Qu’est ce que le libre accès ?
Peter Suber explique dans « Qu’est-ce que l’accès libre ? » que l’idée de base de l’accès libre est de rendre la littérature scientifique disponible en ligne sans barrières liées aux coûts et sans la plupart des restrictions imposées par les autorisations.
Il existe au moins trois types d’accès libre, appelés les voies “verte”, “or” et “diamant”, chacune avec diverses variations :
- La voie verte de l’accès libre consiste à ce que les auteurs déposent des copies de leurs articles dans une archive ouverte.
- La voie or implique que les éditeurs rendent leurs articles immédiatement et directement accessibles au public via des revues en accès libre.
- La voie diamant est une variante de la voie or dans laquelle des organisations à but non lucratif et des associations publient du matériel qui est mis à disposition en ligne gratuitement et sous forme numérique, n’autorisant ni la réutilisation commerciale ni la génération de profits.
Ce modèle est soutenu par Science Europe et repose sur l’idée que le travail intellectuel essentiel impliqué dans la publication de recherches scientifiques est réalisé bénévolement par les chercheurs, quel que soit le modèle utilisé. En 2022, de nouvelles politiques nationales et internationales, telles que la recommandation de l’UNESCO sur la science ouverte et le Plan S pour l’accès libre diamant de la cOAlition S, visent à soutenir le développement de formes de publication en accès libre non commerciales ou promues par la communauté.

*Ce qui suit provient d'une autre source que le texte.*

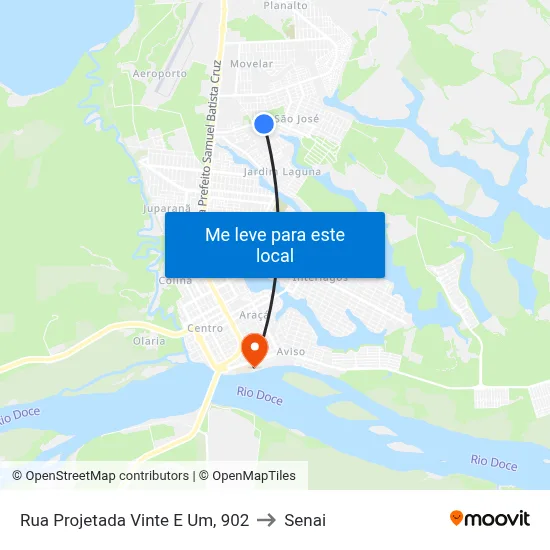 Rua Projetada Vinte E Um, 902 to Senai map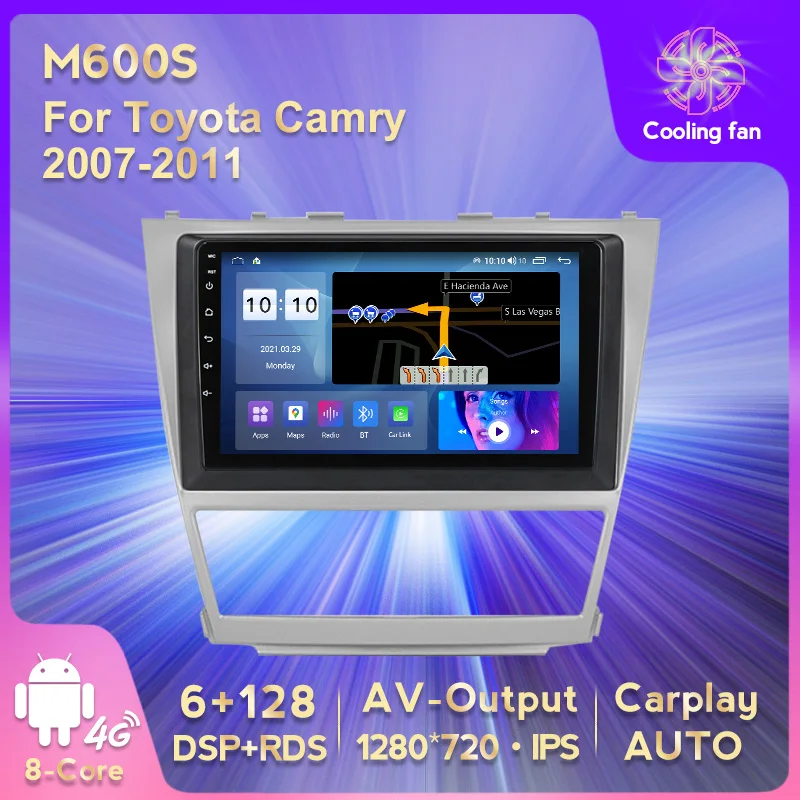 

RDS DSP Android 11 IPS RAM 6G ROM 128G Автомобильный мультимедийный плеер для Toyota Camry 2007-2011 мультимедийный видеоплеер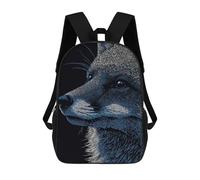 sinyumoney Sac À Dos Scolaire Imprimé En 3D Pour Enfants Blue Fox Portrait, Sac À Dos De Voyage Haute Capacité Pour Enfants, Sac À Livres, Sac D'école 17inch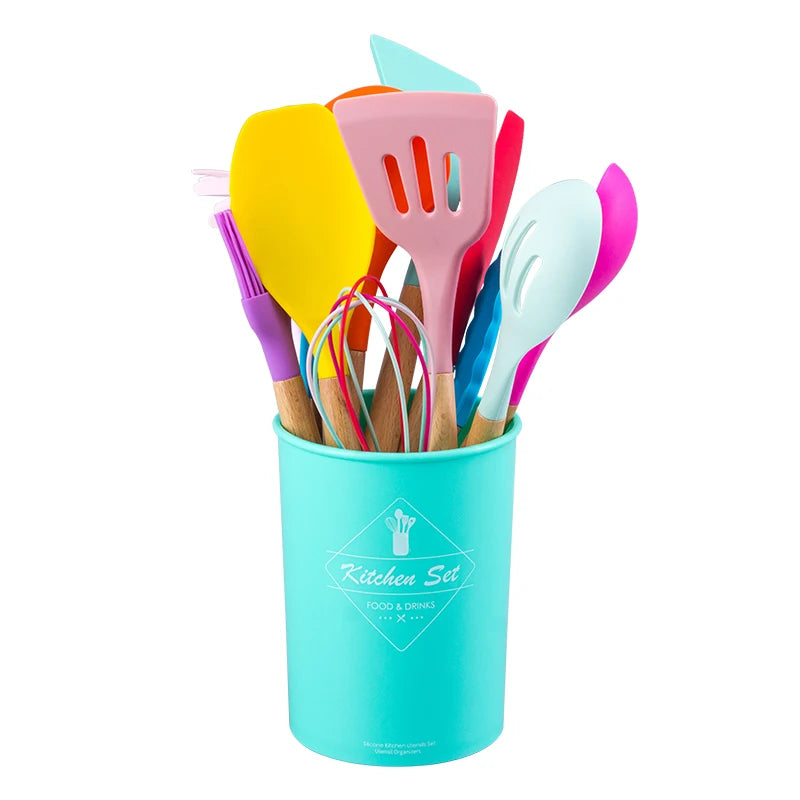 Kitchen Utensil Set 11 Cooking Utensils Colorful Silicone Kitchen Utensils Nonstick Cookware with Spatula Set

Voici comment cOAlition S décrit son Plan S : “À partir de 2021, toutes les publications savantes présentant les résultats de la recherche financée par des subventions publiques ou privées accordées par des conseils de recherche et des organismes de financement nationaux, régionaux et internationaux, doivent être publiées dans des revues en libre accès (Open Access Journals), via des plateformes en libre accès (Open Access Platforms), ou déposées immédiatement dans des dépôts en libre accès, sans embargo”.
Pourquoi rendre accessible en libre accès les publications scientifiques ?
- Accessibilité : L’ouverture en libre accès permet à quiconque ayant une connexion Internet d’accéder aux résultats de la recherche sans avoir à payer de frais d’abonnement ou d’achat de publications. Cela peut aider à élargir l’audience de la recherche au-delà des cercles académiques traditionnels, permettant ainsi à un plus grand nombre de personnes de bénéficier des connaissances et des avancées scientifiques.
- Transparence : Plus transparents veut aussi dire plus reproductibles. Cela va aider à renforcer la confiance du public dans la recherche scientifique et à assurer que les résultats de la recherche sont accessibles et utilisables par tous les chercheurs, indépendamment de leur affiliation institutionnelle ou de leur situation financière.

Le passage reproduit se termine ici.